Auditing is a growing business in the United States, especially in the studio system. John Hazelton reports
Auditing is big business in the US industry — and thanks to a couple of recent court cases involving Hollywood studios, it could soon be getting bigger.
Most financially successful US features are routinely audited on behalf of individual profit participants — actors, directors, writers, producers — under standard contract provisions. Such audits usually cost between $30,000 and $50,000 but, says Steve Sills, a partner in leading profit participation auditor Sills & Gentille, “the typical recovery is a significant multiple of the fee”.
Auditors look for possible claims based on ‘mechanical errors’ (such as the accidental assignment of costs to the wrong film) and contract interpretation. Vertical integration — leading studios to license films to sister companies, for example — and the packaging of films for TV sales are among the practices that attract the auditors’ attention.

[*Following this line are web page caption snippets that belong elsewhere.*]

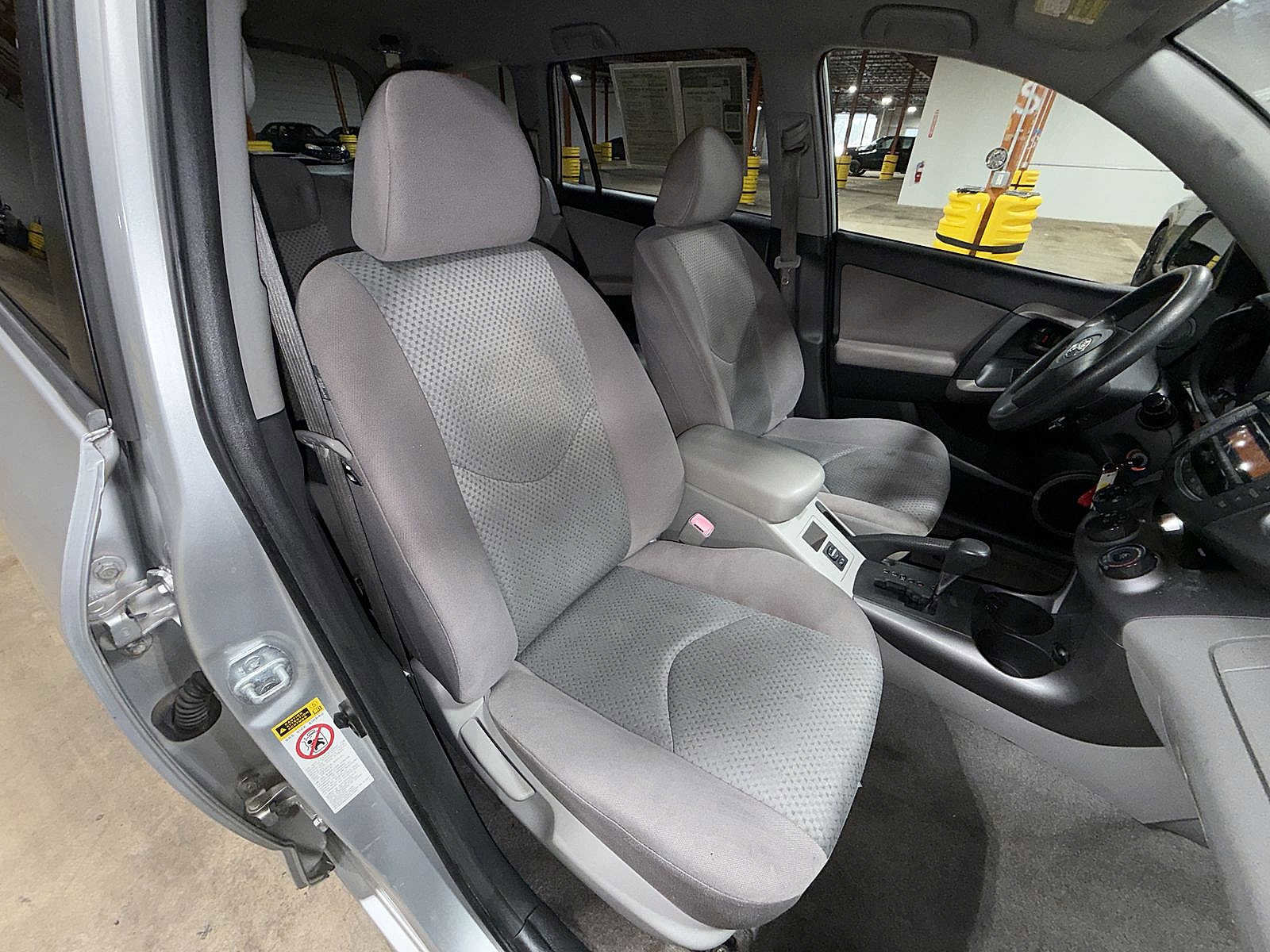 Used 2007 Toyota RAV4 2WD image 15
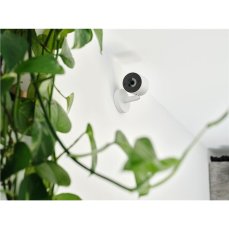 Netatmo Advance Indoor Camera chytrá interiérová kamera bílá + 8GB MicroSD karta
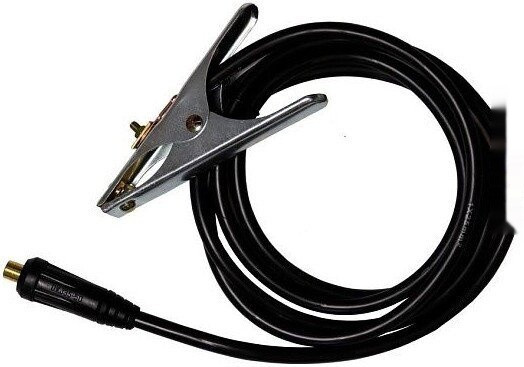 Сварочный инвертор AuroraPRO Overman 1800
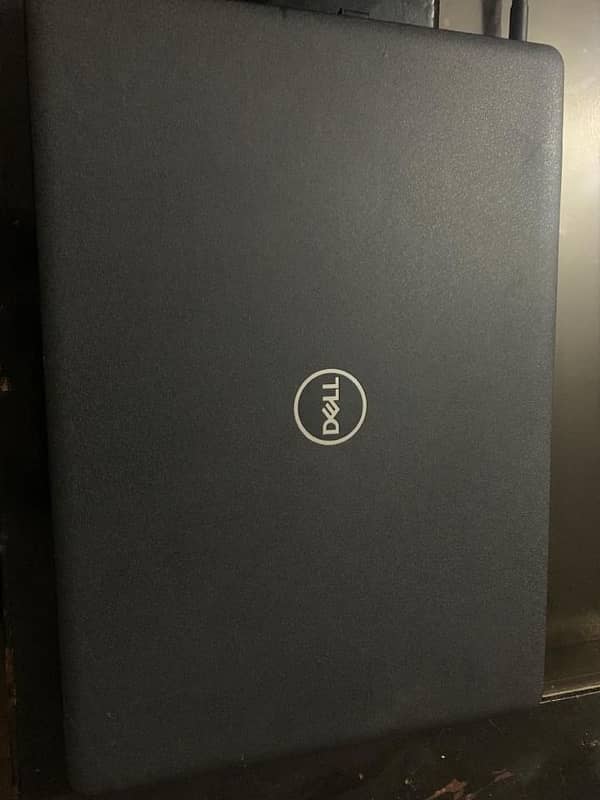 Dell Laptop 0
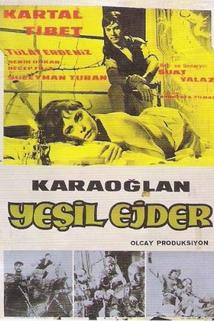Profilový obrázek - Karaoglan - Yesil ejder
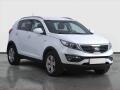 Kia Sportage 1.6 GDI, Navi, Tempomat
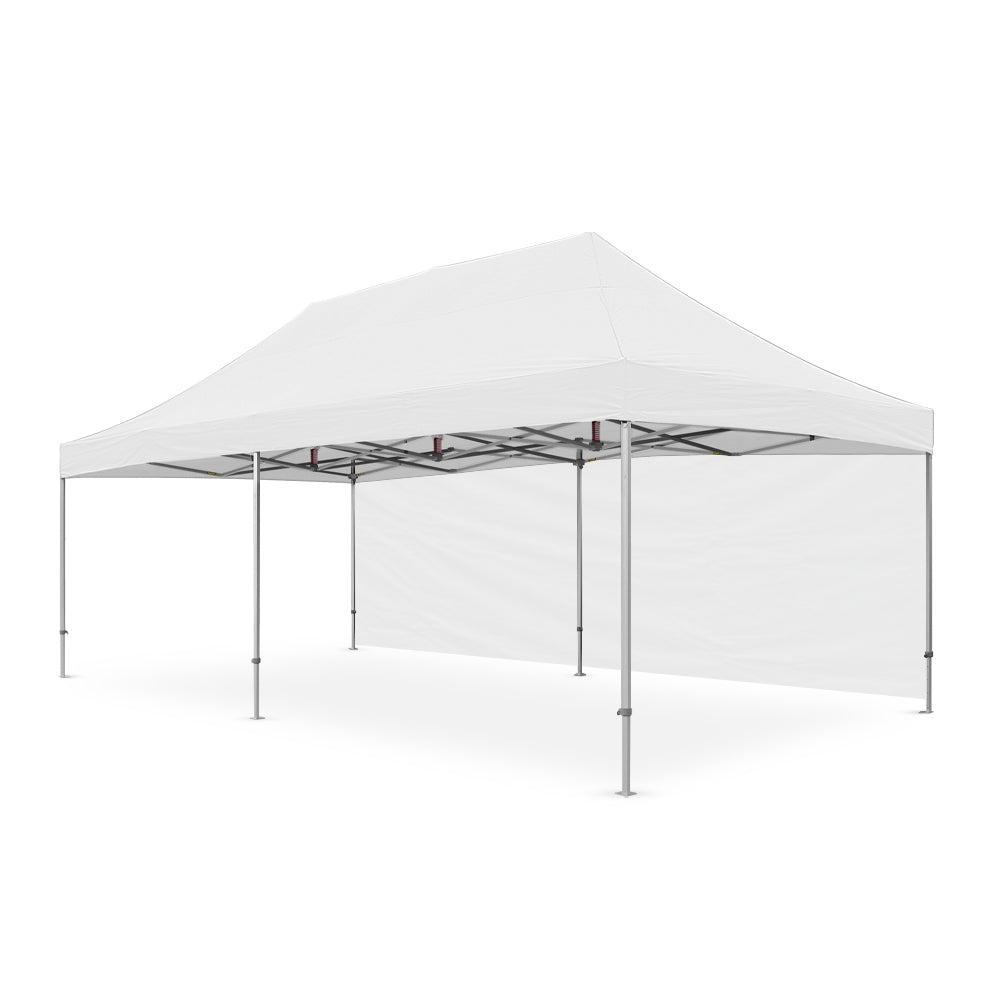 8m Gazebo Full Wall | Gazebo Accessory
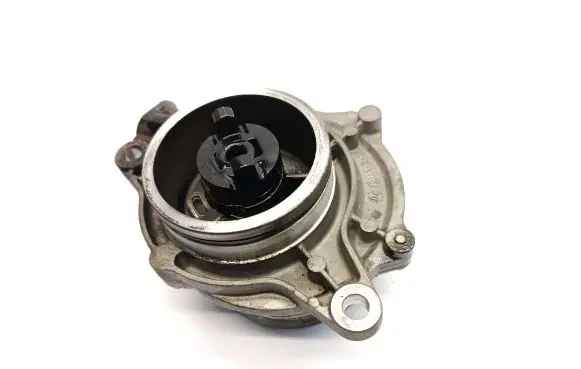 BMW 3 E46 Vacuum pump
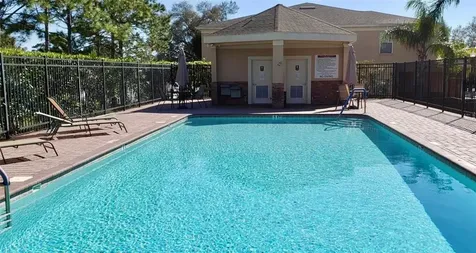 1483 Hillview Lane Tarpon Springs FL 34689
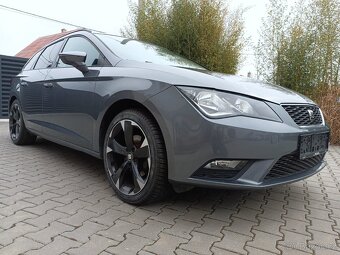 SEAT LEON KOMBI 4x4 - na predaj - 13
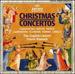 Christmas Concertos /Pinnock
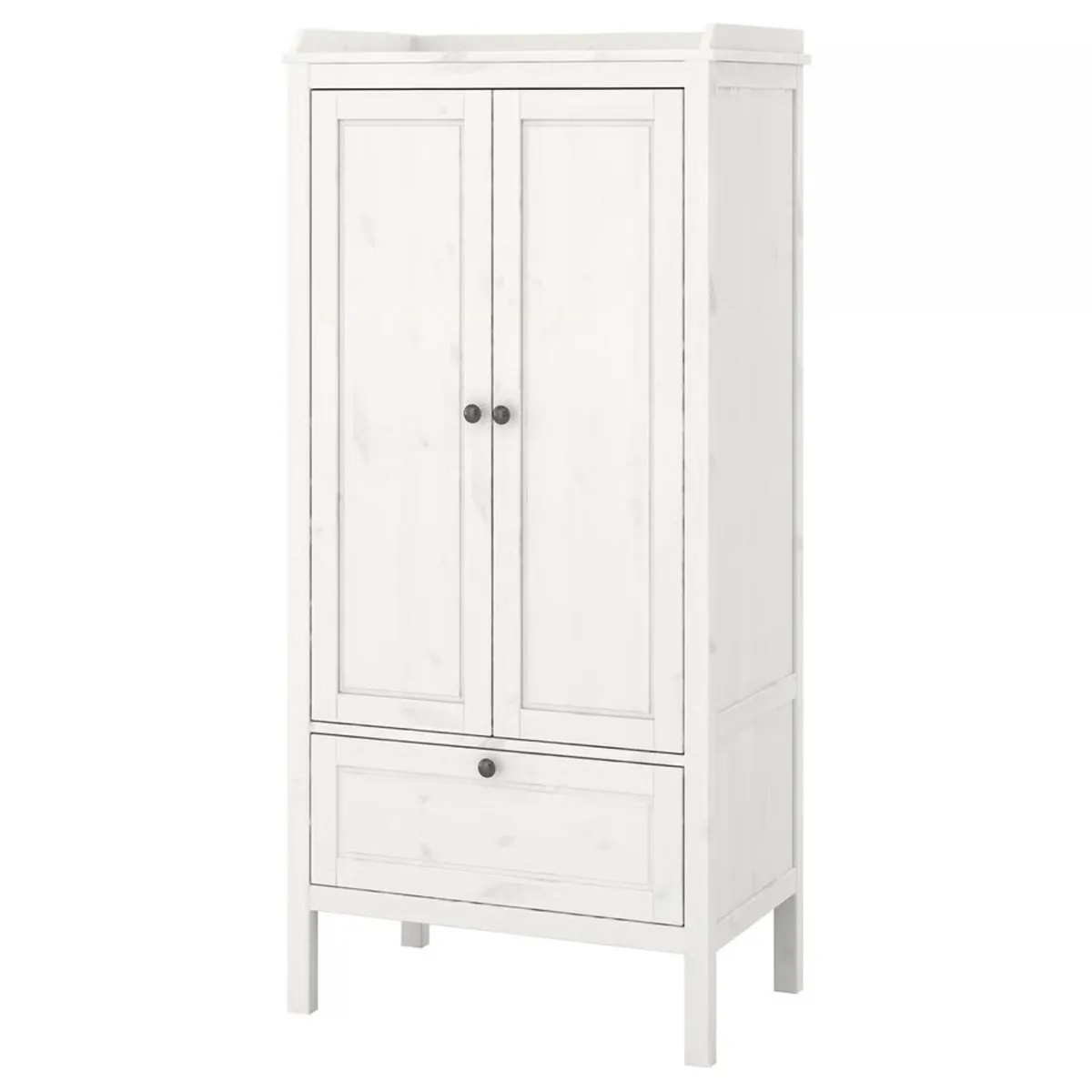 Ikea sundvik wardrobe - Image 1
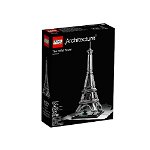 Lego Architecture Turnul Eiffel  21019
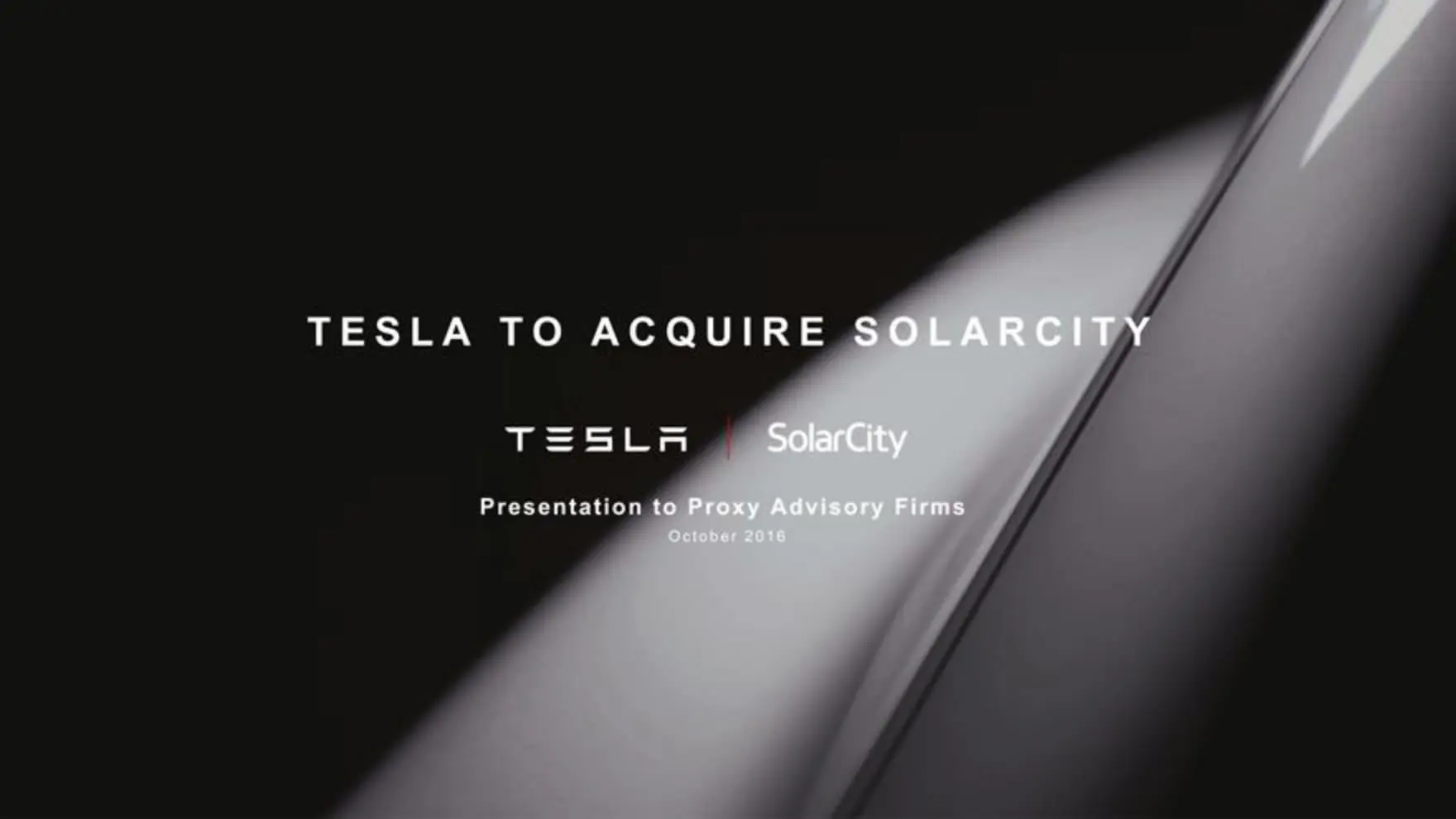 tesla-pitch-deck slide 1
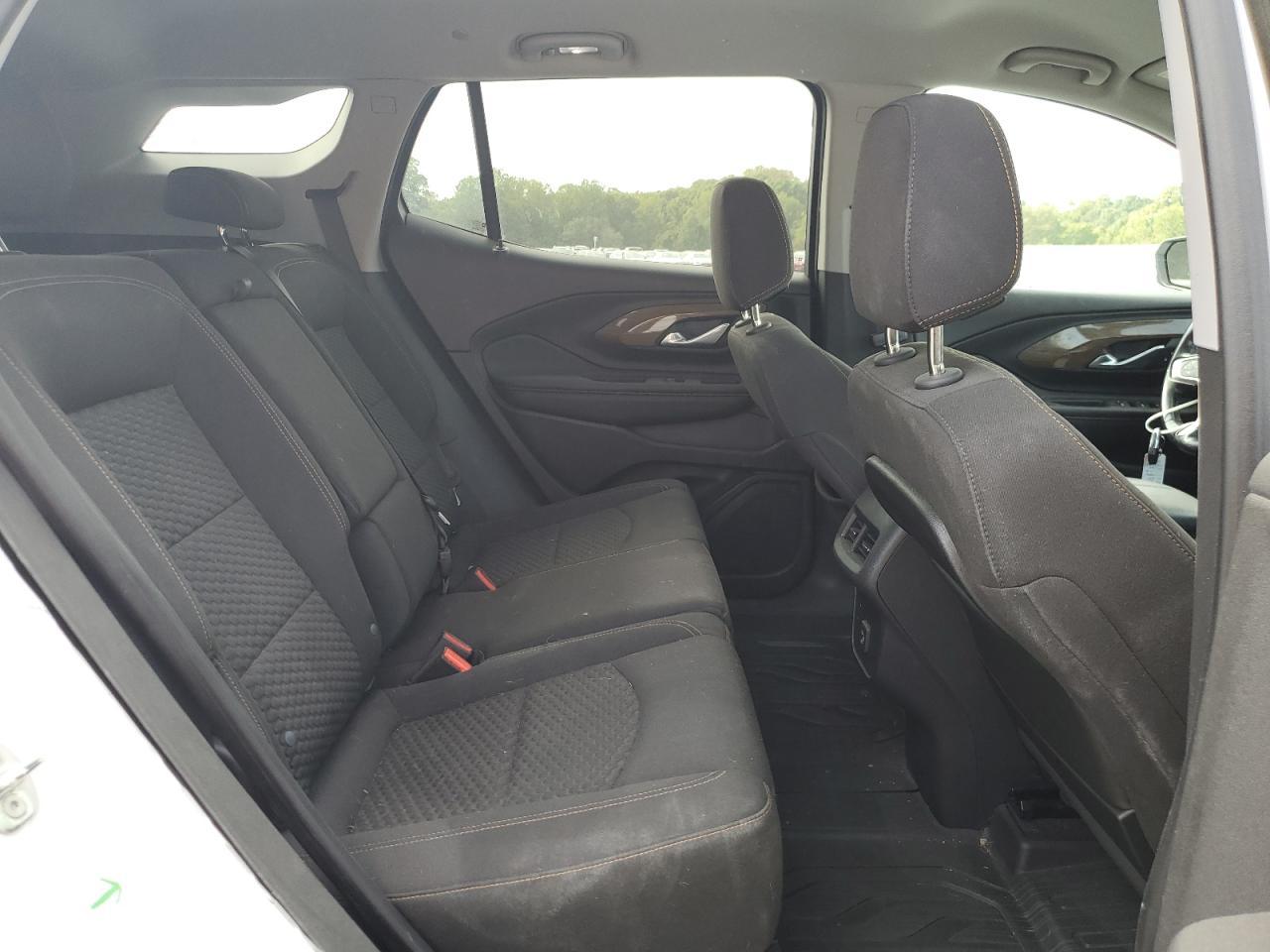 2020 GMC Terrain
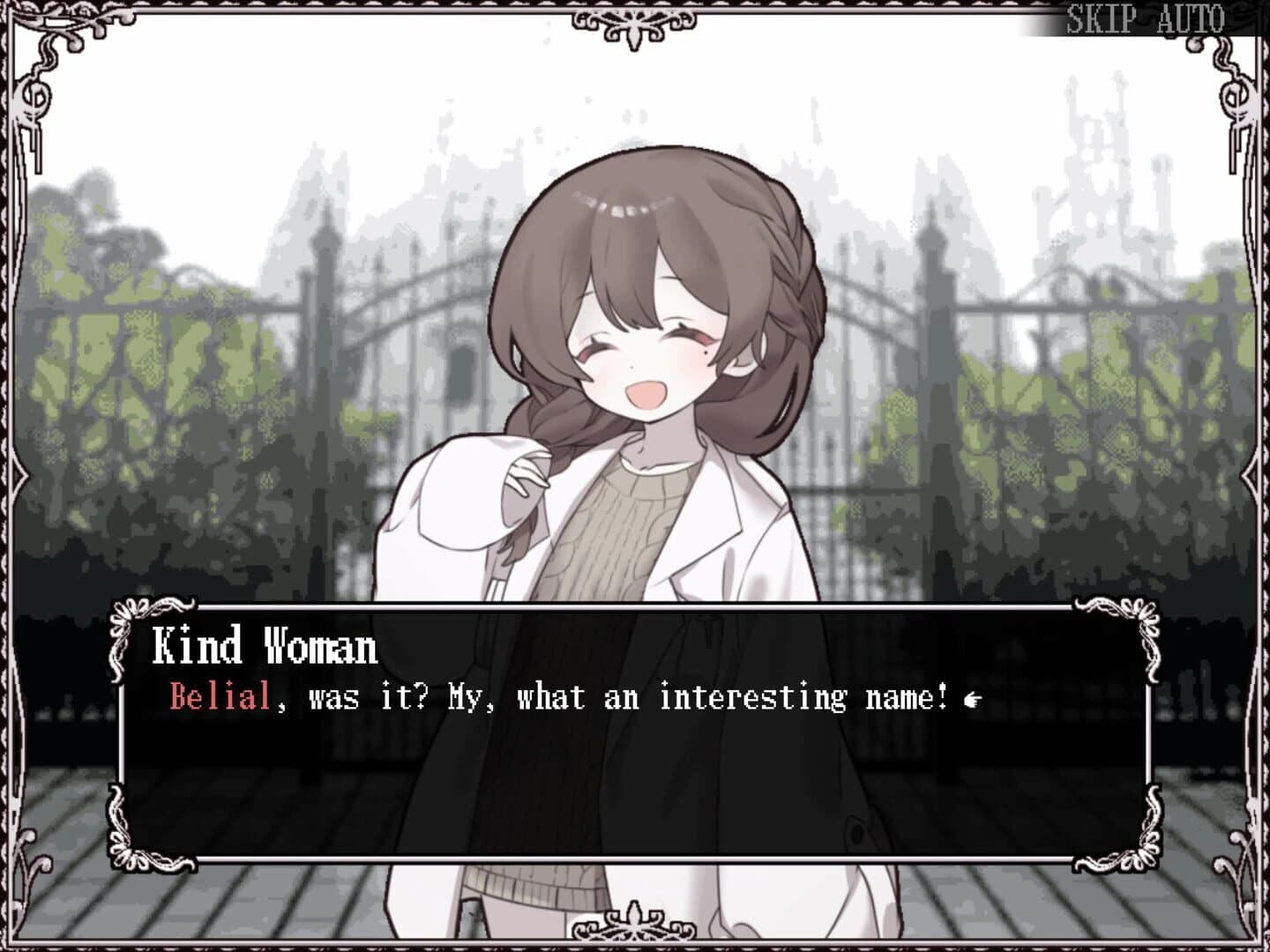 Happy Saint Sheol screenshot 1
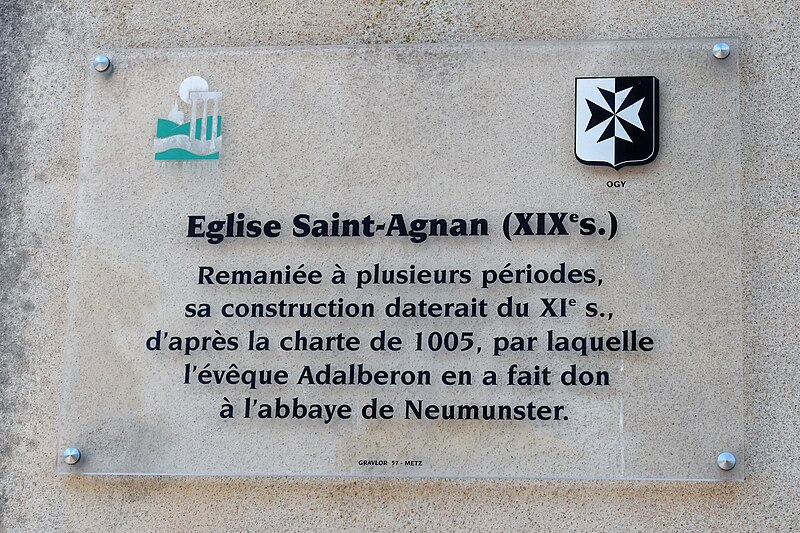 File:2022-08-27 Église St. Agnan 02.jpg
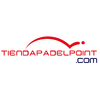 Logo TiendaPadelPoint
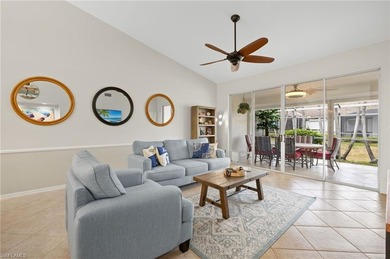 Welcome to this impeccably updated two-bedroom plus den on Glen Eagle Golf and Country Club in Florida - for sale on GolfHomes.com, golf home, golf lot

Studios are contractually obliged to co-operate in the process but they do not make concessions easily, auditors confirm (studio executives themselves declined to be interviewed).
“A lot more claims are going to be made and a lot more people are going to want an audit”
Steve Sills, Sills & Gentille
“Typically a studio will not purposely misstate anything,” says John Zabel, a former Sony financial executive now expanding into the auditing business through his Media Finance Structures consultancy. “But they aggressively interpret contracts. So if you don’t do a very good contract to begin with, you can be assured they’re never going to give you the benefit of the doubt on any interpretation issue.”
In some instances, studios and independent US distributors will audit each other — if, say, a studio handles domestic DVD distribution for an independent — or foreign licensees, though the work is often done by outside auditors.
International audits are more expensive but can still pay off, insist auditors. They can also provide a US seller with reassurance about a new international partner. Zabel recounts a recent -assignment on behalf of a US company which “really didn’t think it was being under-reported, it just wanted to have that comfort that the procedures in place at this new licensee were as robust as it was used to”.
Lately, auditors have found a growing client pool among the investors that these days play an important role in funding studio production slates.
In one recent case — now settled out of court — National Australia Bank and Australian construction company Leighton Holdings hired, according to court documents, both Sills and his rival Hollywood auditor Hacker, Douglas & Company in pursuit of a claim related to investment in 1999 franchise starter The Matrix. Though the size of the settlement has not been revealed, the Australian backers claimed in their action that The Matrix studio Warner Bros had short-changed them on the investment by up to $95m.
Most Hollywood audits result in a negotiated settlement between the parties involved. And even those that proceed into litigation are usually — like The Matrix case and like Peter Jackson’s 2005 suit against New Line over the first of his Lord Of The Rings films — settled out of court before going to trial.
Most Hollywood audits result in a negotiated settlement: those that proceed to litigation are usually settled out of court
Two recent cases, however, have gone all the way to high-profile jury hearings. In one case, UK production company Celador was awarded $269m in damages over profits from Disney-owned ABC’s US version of TV quiz show Who Wants To Be A Millionaire?. In the other, a California appeals court upheld producer Alan Ladd Jr’s legal triumph over Warner in a claim that turned in part on the practice of “straight-lining” — assigning the same income to each of the films sold in a package to TV outlets regardless of the films’ respective box-office performances.
Stills suggests the outcomes of these cases will have a significant effect on auditors, profit participants and studios. “You now have a published appellate opinion stating that the studios can’t straight-line television packages any more,” says Sills. “That has a major impact on the industry. A lot more claims are going to be made and a lot more people are going to want an audit.”